Issues To Address
The following are unresolved issues and questions that arose from the first day of videoconferencing and post-videoconference discussions at UCHC during the SBML Composition meeting, 9 Sep 2007.
Before listing the issues, we articulate one starting requirement: whatever scheme is developed, it should allow a software tool (e.g., libSBML) to unambiguously flatten an L3 "composed" model into a valid SBML L2v3 model. This requirement conflicts with some of the comments below, in which there are questions of user intervention. We leave the comments below as they are, in order to describe the space of possibilities, but ultimately we believe that being able to flatten a model down to L2v3 is a desirable feature and should serve as a design goal. It would enable composed models to be interpreted immediately and transparently by software tools that use libSBML, which in turn is important to enabling rapid adoption of the composition facility.
AF: This approach also simplifies the definition of some of the semantics of the proposal. We simply state that a composed model (in L3) is valid if the flattened L2 model is valid. This is not to say that actual implementations will report errors in this way :).
SBML Inclusion: Separating pieces of SBML into separate files and having a mechanism to include the external pieces into a given file.
SBML Model Composition: composing a model from submodels. AF suggests the following subdivisions within composition:
- Designed Composition -- previously known as 'Aggregation'
- Ad-Hoc Composition or Documentation of Merge -- previously known as 'Composition'
SBML Modularity: separating the different SBML extensions by related concepts, such as spatial layout, model composition, spatial geometry, etc.
Scope (use cases) supported—Added by AF Monday morning
We need to decide what use cases we are going to support with this extension or the scope of the extension.
I would suggest three levels of scope:
- Level A - Designed Composition - Modellers construct models by composing submodels that have been designed to be reused. Modellers modify submodels to fit the contexts in which those models are reused. Composed models do not record modifications to submodels to enable those submodels to reused instead the submodels are modified directly.
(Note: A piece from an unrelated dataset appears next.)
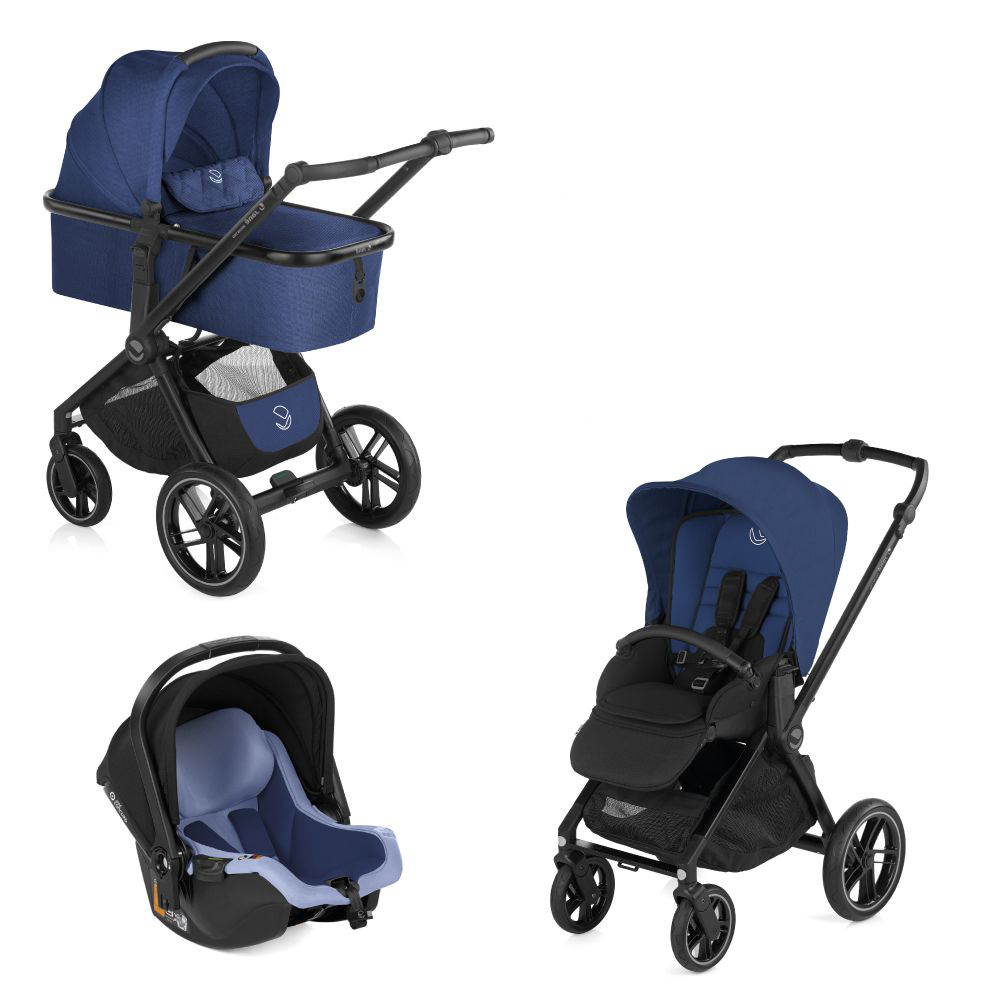 Коляска 3 в 1 Jane Muum Pro Lazuli Blue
- Level B - Ad-Hoc Composition (in context of reuse) - Modellers construct models by composing submodels that have been designed to be reused however modellers do not modify the submodels but instead record the transaformations that are required to build a composed model. These transformations are recorded with the composed model.
- Level C - Documented Composition - Modellers build larger models by merging smaller models in a semi-automatic fashion. Modellers record the transformations required to complete the composition as documentatiion and so that the transformations can be 'replayed' on revised versions of the starting models.
An aside: Why model composition might be different from Software Engineering - when I have time
At the outset, we assume there will be directional links, and that these links can go from higher levels of a model/submodel hierarchy to a lower level. The link permits overloading any properties of the destination component. Example: a species definition at the higher level may have an initial amount, and when linked, this initial amount overrides the value given in the linked-to species in a submodel. (This is a general principle. If some SBML component in a submodel needs to be given different property values, then one would define a new version of that component at the higher level, and then link from that component to the c omponent being overloaded in an instance of a submodel. The meaning is that the definition in the enclosing model overrides the values of the linked-to component of the submodel. An implication is that the initial conditions of a variable such as a species is determined by the "from" element of the link, or if no link is defined, then the initial conditions are determined by the values in the submodel.)
We assume that anything potentially may be linked: species, compartment, parameter, etc., and yes, even rules. It remains to be decided which components will be allowed to be linked in the first iteration of this SBML Composition proposal.
Now for some questions:
- Should we allow deletion of elements? (This was raised by Martin during the videocon.) It appears that deletions may be necessary so that a composed model can deliberatly remove irrelevant constructs (such as rules) inside model instances.
AF: My view is yes. But this depends on the use cases we support.
MG: To make AdHocComposition fully reversible, with fully included original models, we will need Deletion.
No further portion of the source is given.